== DATA FOR THE TASK

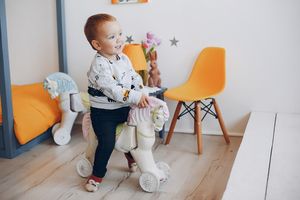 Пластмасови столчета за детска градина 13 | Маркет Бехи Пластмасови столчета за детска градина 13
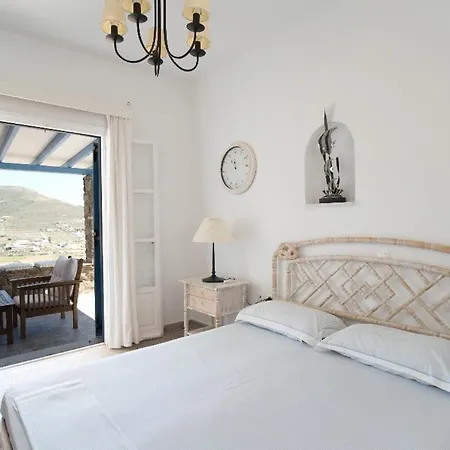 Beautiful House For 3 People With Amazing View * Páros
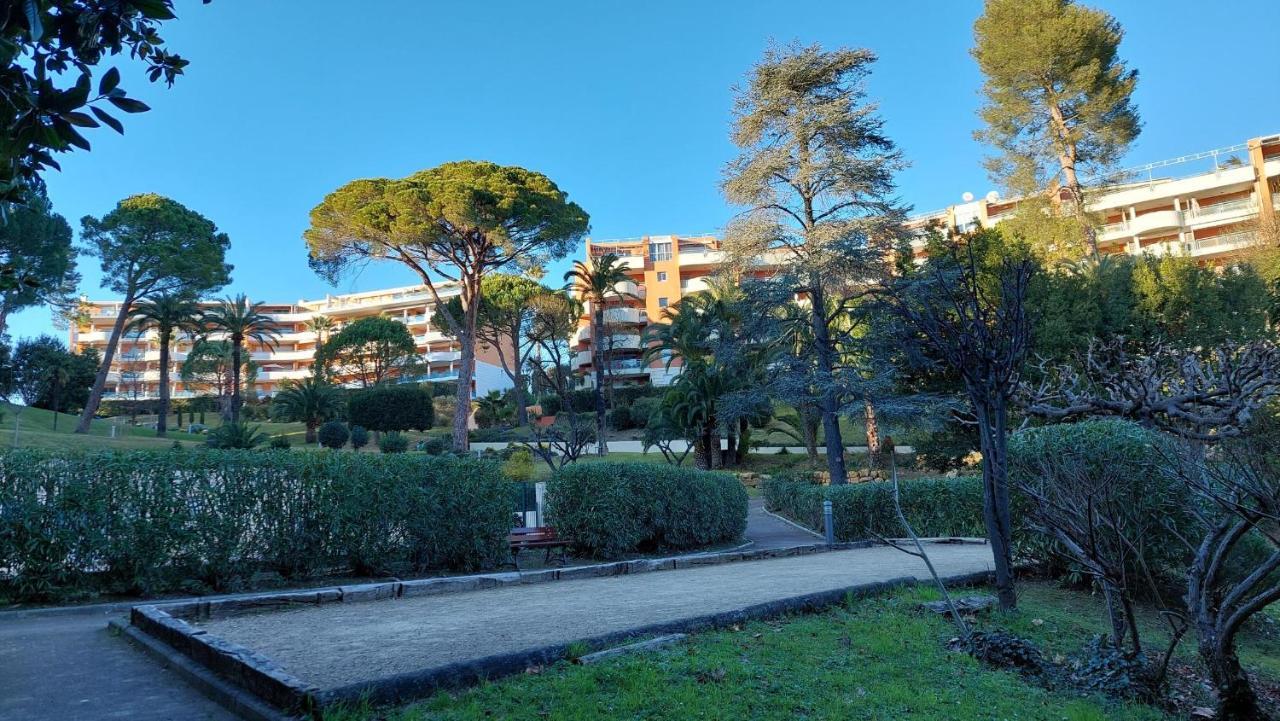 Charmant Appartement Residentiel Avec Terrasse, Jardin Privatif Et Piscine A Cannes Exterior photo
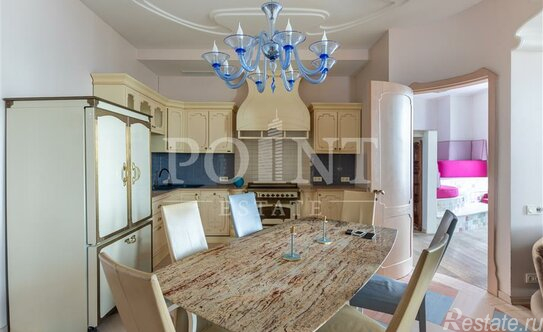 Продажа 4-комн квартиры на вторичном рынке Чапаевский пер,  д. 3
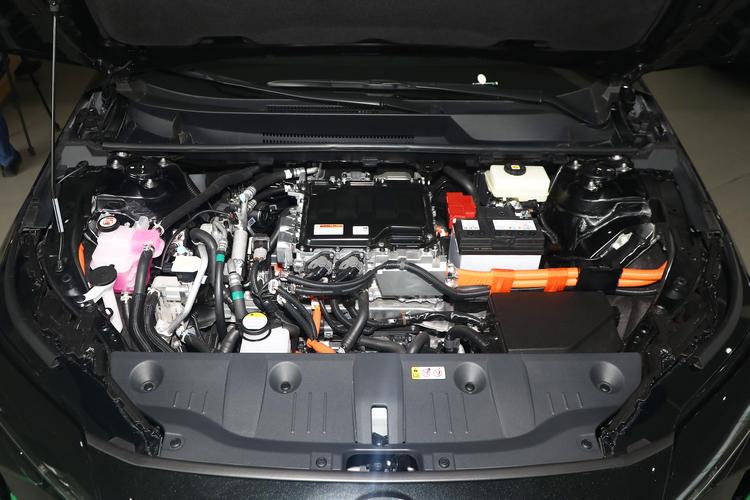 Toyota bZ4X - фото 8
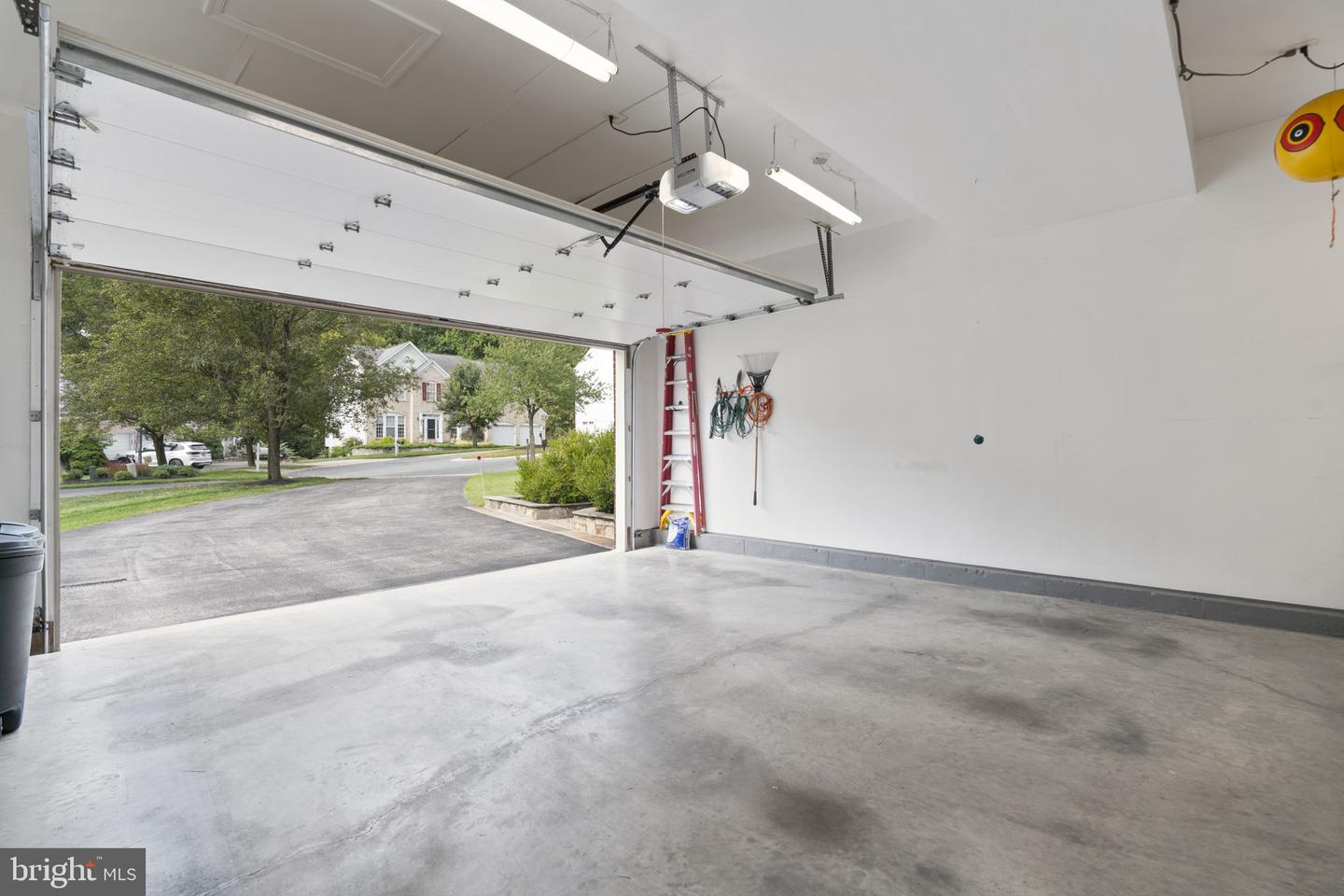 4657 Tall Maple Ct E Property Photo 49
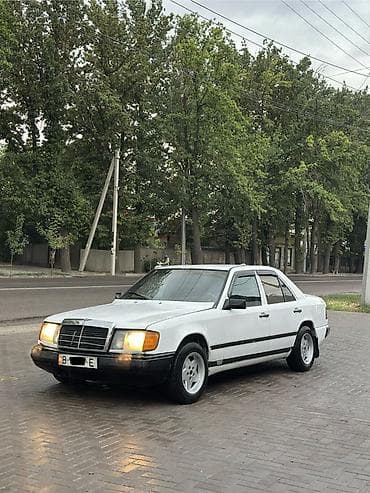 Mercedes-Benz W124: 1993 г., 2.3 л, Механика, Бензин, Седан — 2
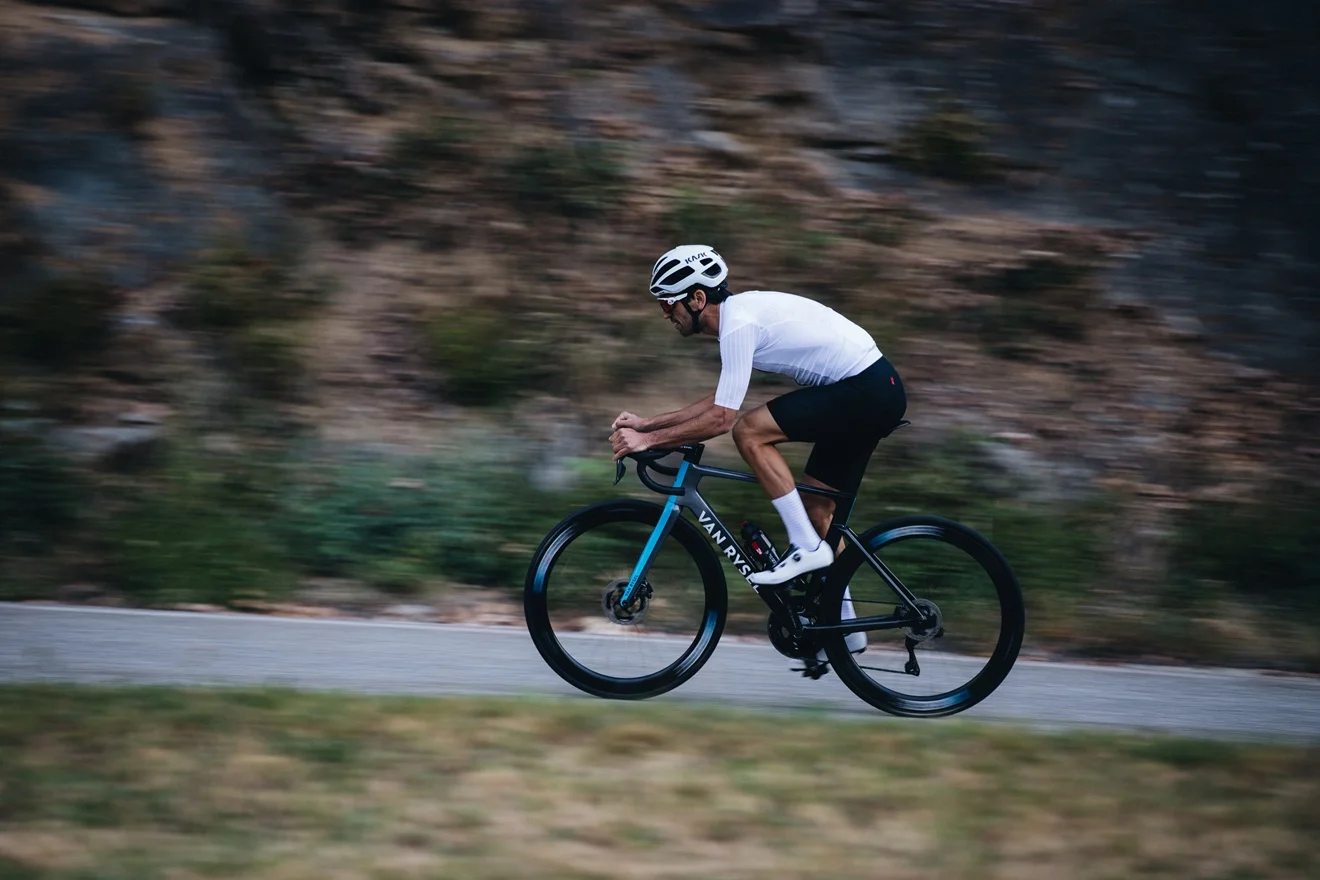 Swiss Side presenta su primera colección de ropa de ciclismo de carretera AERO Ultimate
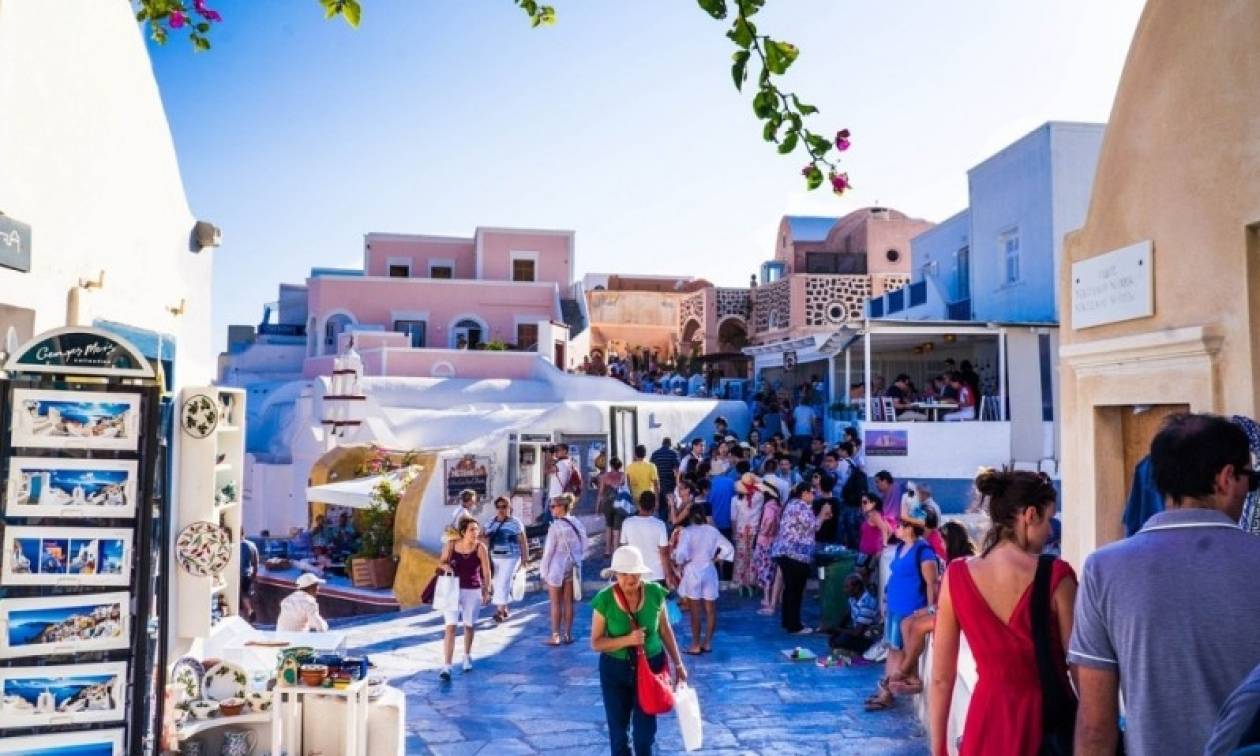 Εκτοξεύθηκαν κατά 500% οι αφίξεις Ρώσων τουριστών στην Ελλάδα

====

= TASK STATEMENT =
Nothing but the pictures should be left out when the records are retyped exactly.

= TASK RESPONSE =
 Пластмасови столчета за детска градина 13 | Маркет Бехи Пластмасови столчета за детска градина 13
 Beautiful House For 3 People With Amazing View * Páros
 Charmant Appartement Residentiel Avec Terrasse, Jardin Privatif Et Piscine A Cannes Exterior photo
 Продажа 4-комн квартиры на вторичном рынке Чапаевский пер,  д. 3
 Toyota bZ4X - фото 8
 4657 Tall Maple Ct E Property Photo 49
 Mercedes-Benz W124: 1993 г., 2.3 л, Механика, Бензин, Седан — 2
 Swiss Side presenta su primera colección de ropa de ciclismo de carretera AERO Ultimate
 Εκτοξεύθηκαν κατά 500% οι αφίξεις Ρώσων τουριστών στην Ελλάδα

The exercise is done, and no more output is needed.